**RECORDS TO PROCESS**.
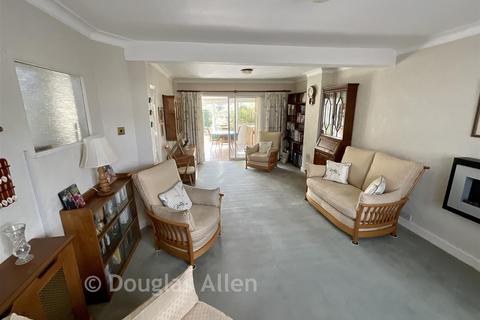 3 bedroom end of terrace house for sale, Warescot Road, Brentwood, Essex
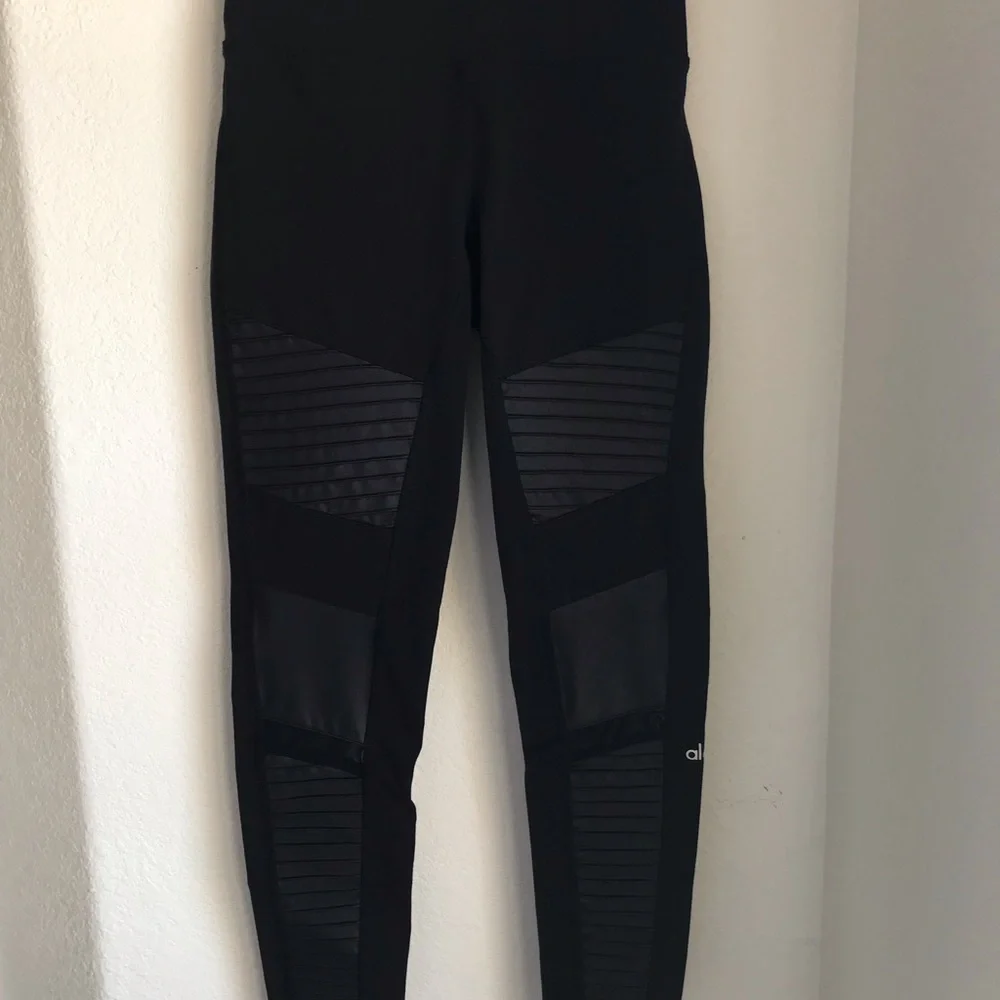 Alo Black Moto Sexy Legging Matte Shine Fabric & Mesh Detail size Large Stretch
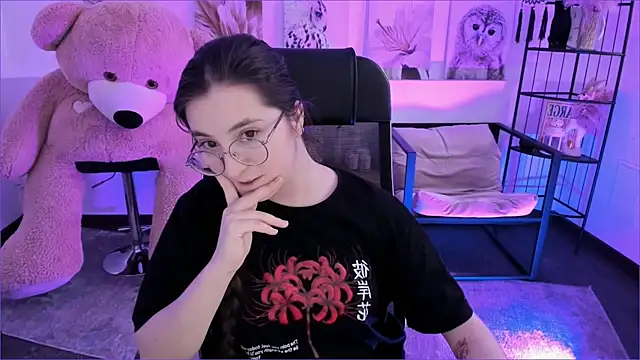 VirtuallVoyant online show from December 4, 8:49 am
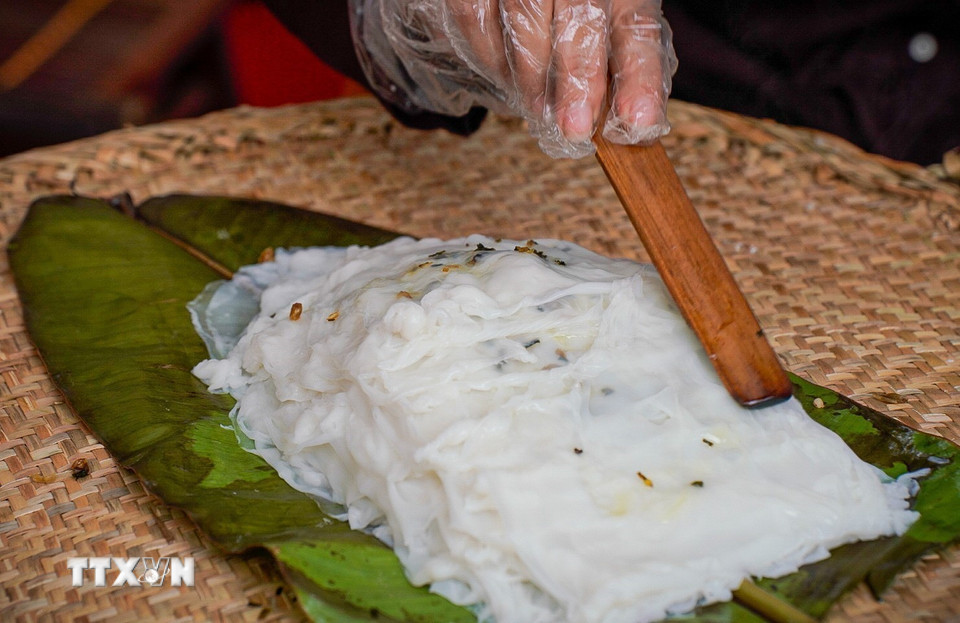 Điểm khác biệt của bánh cuốn Thanh Trì truyền thống so với nhiều nơi khác là không có nhân. (Ảnh: Khánh Hòa/TTXVN)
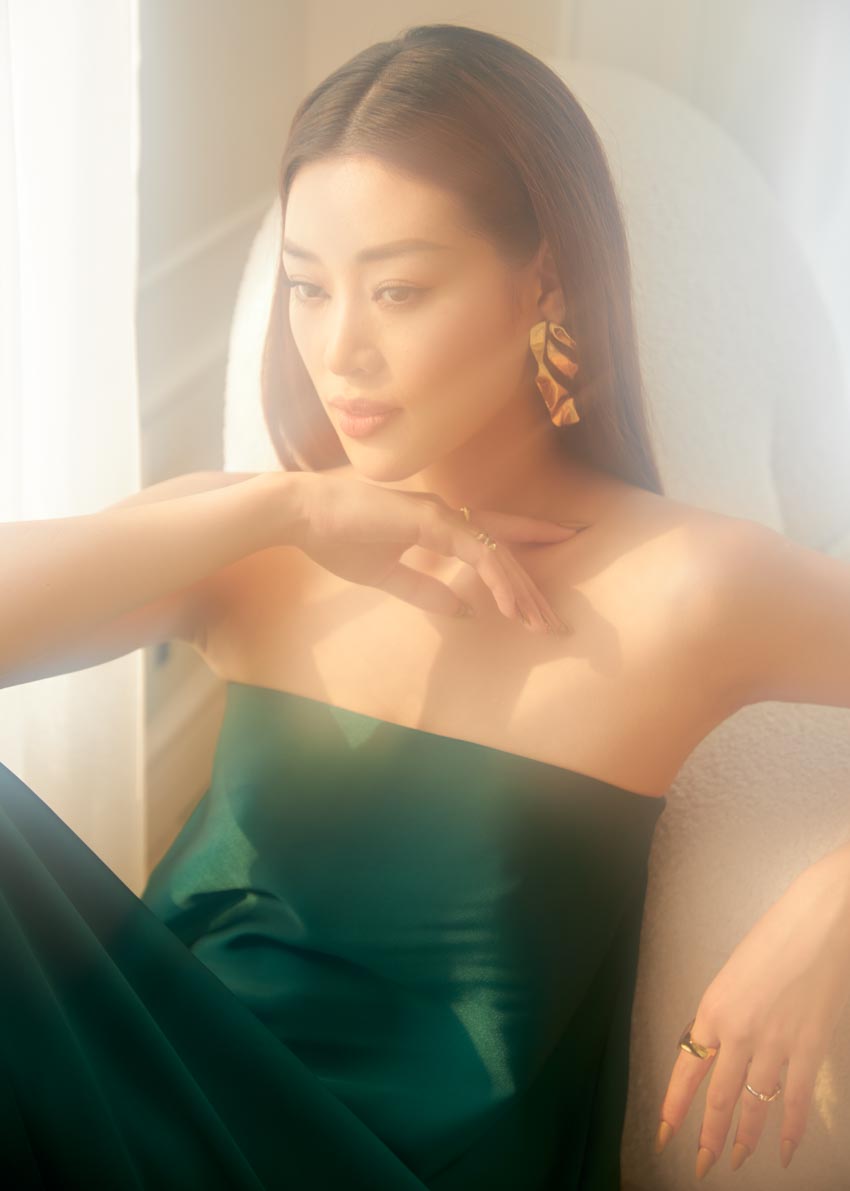 Hoa hậu Khánh Vân kể câu chuyện cảm xúc người phụ nữ trong bộ ảnh mới - 2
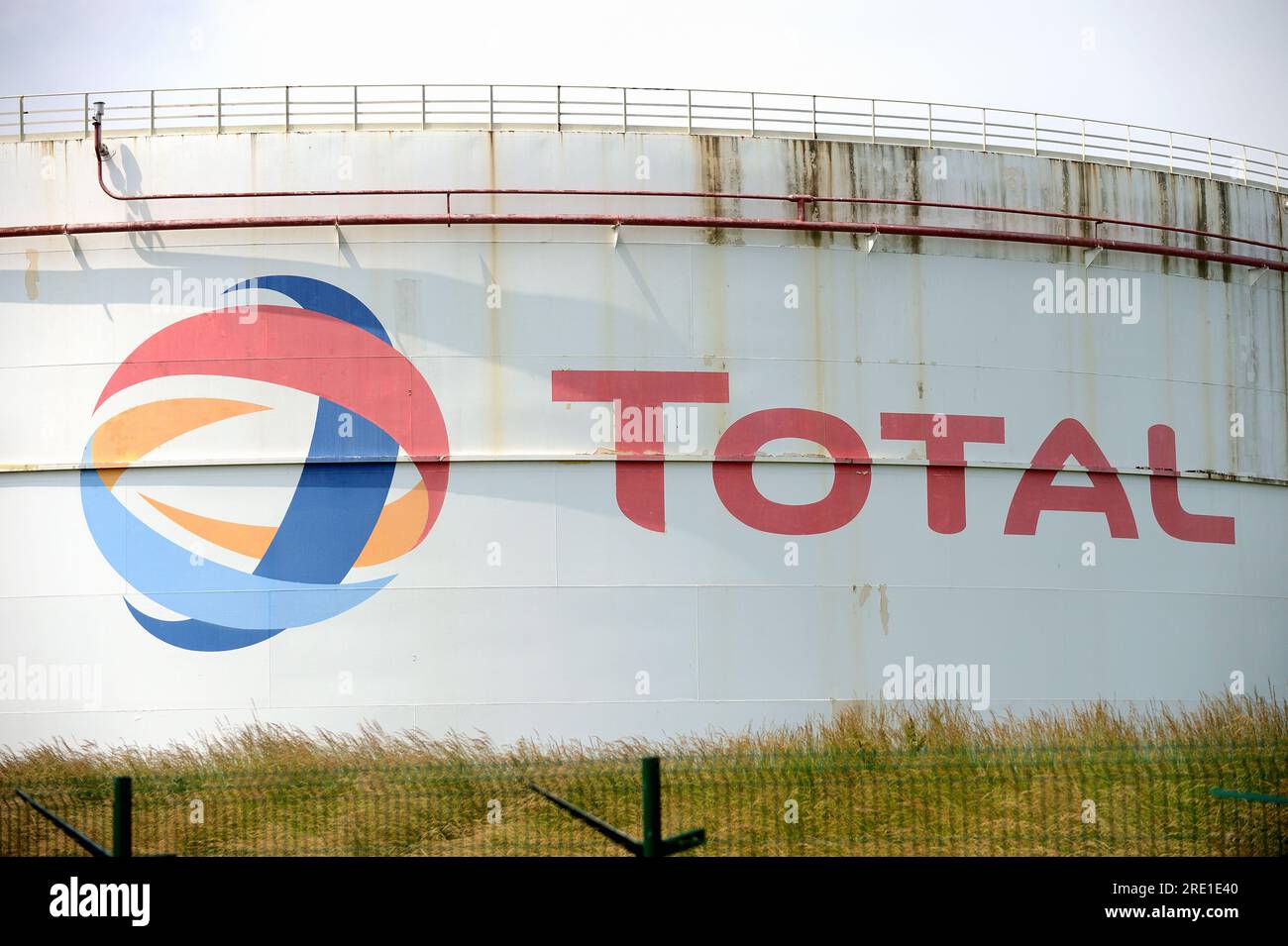 Serbatoio di stoccaggio in una raffineria con il precedente logo Total Foto Stock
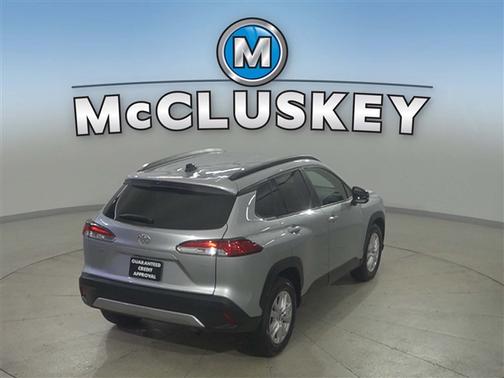 2025 Toyota Corolla Cross LE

**PROBLEM**.
In the material above, retype exactly the lines that run from the one containing "Alo Black Moto" through the last line, and keep out the pictures.

**RESPONSE TO THIS EXERCISE**.
 Alo Black Moto Sexy Legging Matte Shine Fabric & Mesh Detail size Large Stretch
 VirtuallVoyant online show from December 4, 8:49 am
 Điểm khác biệt của bánh cuốn Thanh Trì truyền thống so với nhiều nơi khác là không có nhân. (Ảnh: Khánh Hòa/TTXVN)
 Hoa hậu Khánh Vân kể câu chuyện cảm xúc người phụ nữ trong bộ ảnh mới - 2
 Serbatoio di stoccaggio in una raffineria con il precedente logo Total Foto Stock
 2025 Toyota Corolla Cross LE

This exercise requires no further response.